Due to strong elements of centralization, bad governance, lack of political will, misconception about powers and, above all, denial of provincial autonomy, all federating units were facing tough times. There was a spirit of inter-provincial disharmony among all the provinces on the issue of royalty of gas and electricity. The main issues were:-
*Fair river water distribution (the water sharing formula is still unacceptable to Sindh to some extent).
*Equitable distribution of federally collected taxes among the provinces (Sindh and Balochistan are complaining against the unequal treatment of the centre). The sales tax is normally a provincial tax in most countries of the world, but the federal government is not prepared to accept it.
*The grant of financial autonomy to the provinces. The National Finance Commission (NFC) was and still is rather dysfunctional.

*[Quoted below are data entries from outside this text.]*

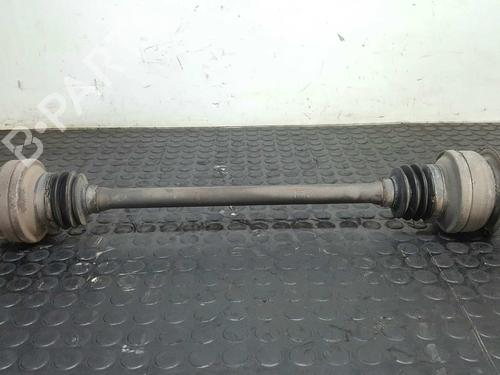 Used Left rear driveshaft MERCEDES-BENZ C-CLASS (W204) C 220 CDI (204.008) (170 hp) 4653075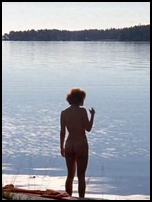 Irina Bjorklund Nude Pictures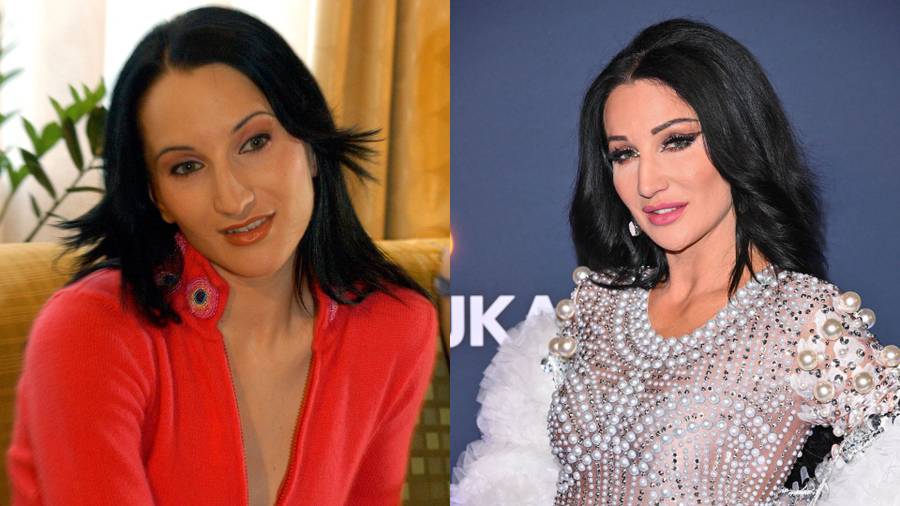 Justyna Steczkowska, fot. KAPiF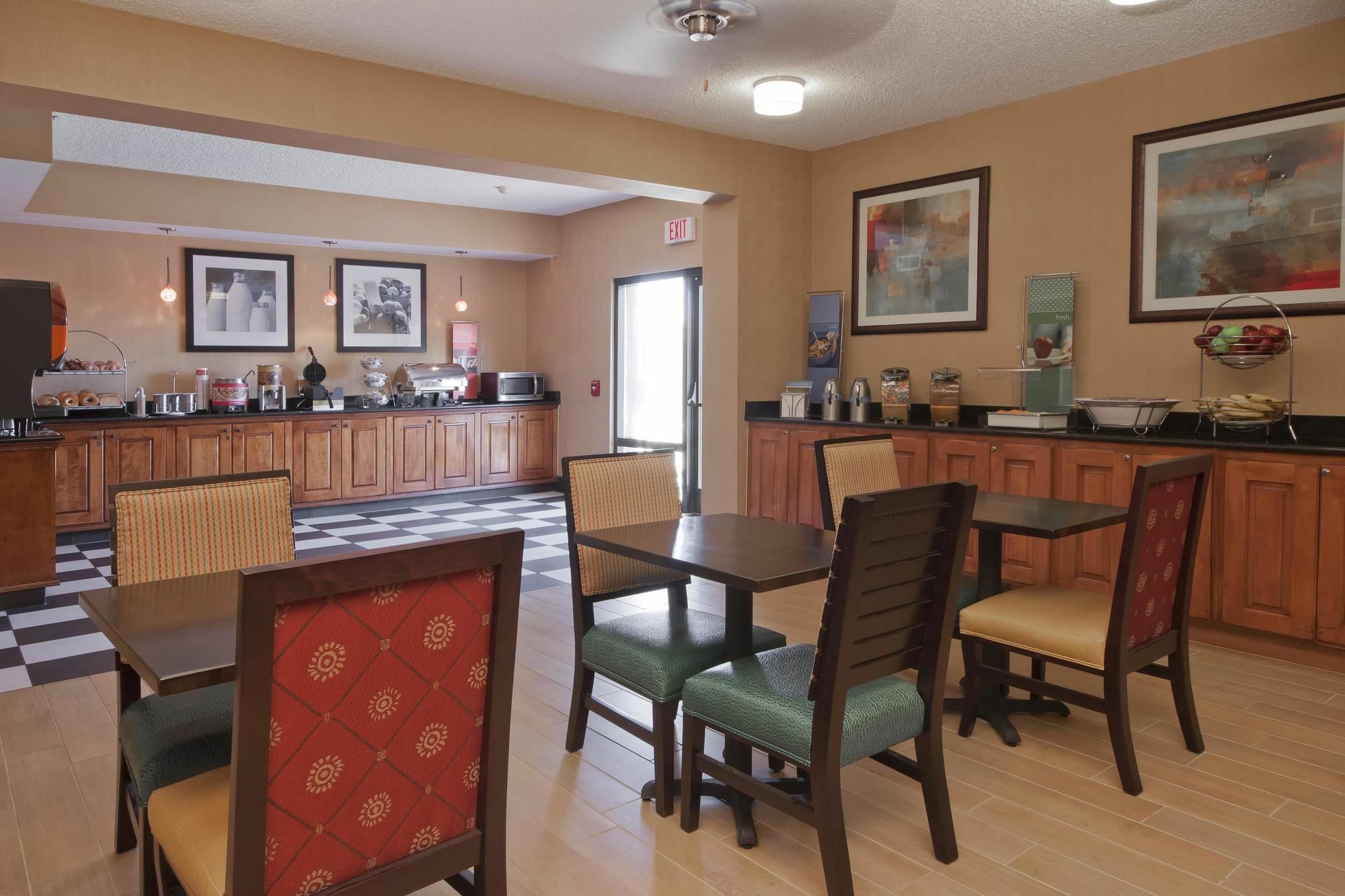 Hotel Hampton Phoenix-chandler Chandler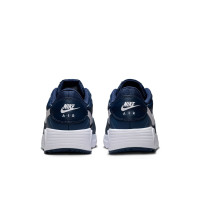 Nike Sneakers Air Max SC Dark Blue White Blue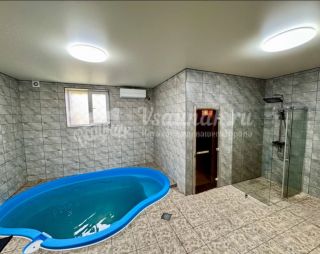 Сауна Сауна Кировская в Мариуполе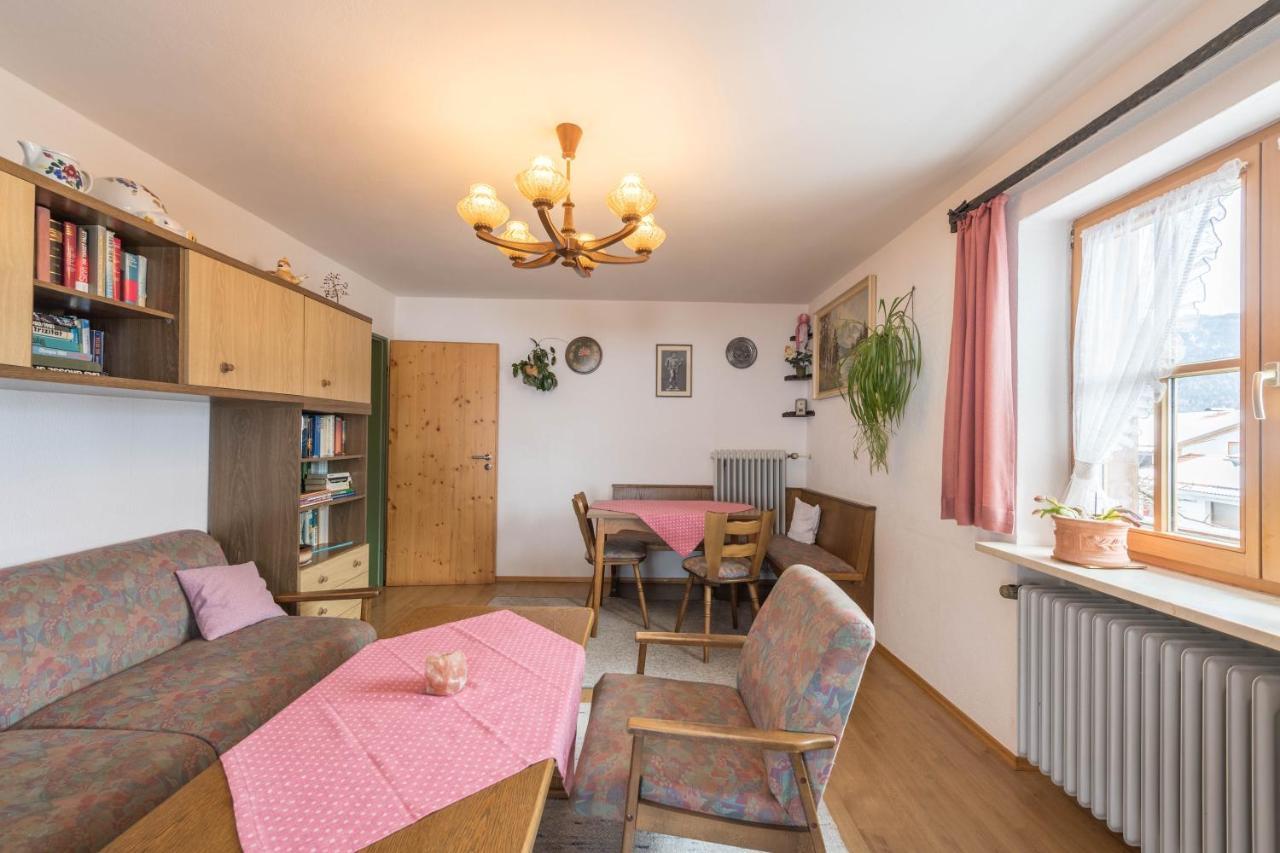 Ferienwohnungen Holzner Gross Inzell Exterior foto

Many economic experts are of the view that 9/11 was the turning point in the revival of our national economy. Workers remittances moved from hundi/hawala system to banking channels and annual remittances now exceed $4.5 billion.
Workers' remittances can do wonders for the economy and the upward development of India, China and many Latin American countries economies verify it. But these massive inflows of workers' remittances have not been properly used.
Many irrelevant policies of the government encouraged trends of consumption rather than investment and savings, with the result that money went to unproductive sectors, like real estate and stock exchanges. Speculators made billions and produced a bubble economy in the country.
The sustainability of economic development is now necessary for the government. Several flaws need to be removed urgently. Despite political maneuvering and self-projection, solid and durable macro-economic policies should be initiated which should be pro-poor, pro-investors, and pro-business. Equal opportunity, fair play, merit, corporate governance, accountability, impartiality, strong regulatory mechanism, social justice and prudent macro-economic policies should be implemented.